Die große Truhe öffnet sich und neben dem blendenden Lichtschein erklingt eine Tonfolge. Da-da-da-daa macht es und die Spieler:innen wissen: Der Gegenstand in dieser Truhe ist wichtig. Sie haben eine bedeutende Etappe des Dungeons gemeistert – sie haben richtig gespielt. Eine Melodie, die Marker und Belohnung zugleich ist. Eine Melodie, die sich einprägt.

Musik ist in Videospielen viel mehr als nur Untermalung. Oft hat sie eine Funktion, gibt den Spieler:innen Hinweise. Sie zu kreieren kann Komponist:innen daher vor besondere Herausforderungen stellen.

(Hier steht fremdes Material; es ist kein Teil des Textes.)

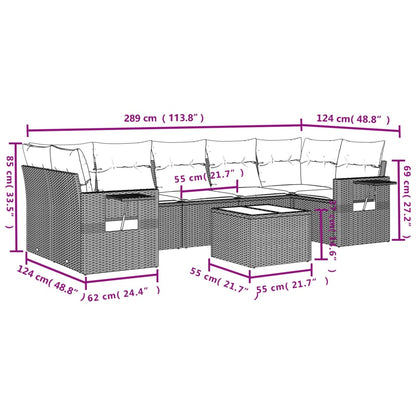 Salon de jardin 8 pcs avec coussins gris résine tressée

»Sowas wie eine Melodie für das Öffnen einer Truhe zu komponieren – das liegt mir echt am wenigsten«, sagt Almut Schwacke, studierte Tonmeisterin, die seit einigen Jahren auch Musik für Videospiele komponiert. Die benannte Truhe stammt aus der The Legend of Zelda-Spielreihe und gehört wohl zu den bekanntesten Videospiel-Melodien.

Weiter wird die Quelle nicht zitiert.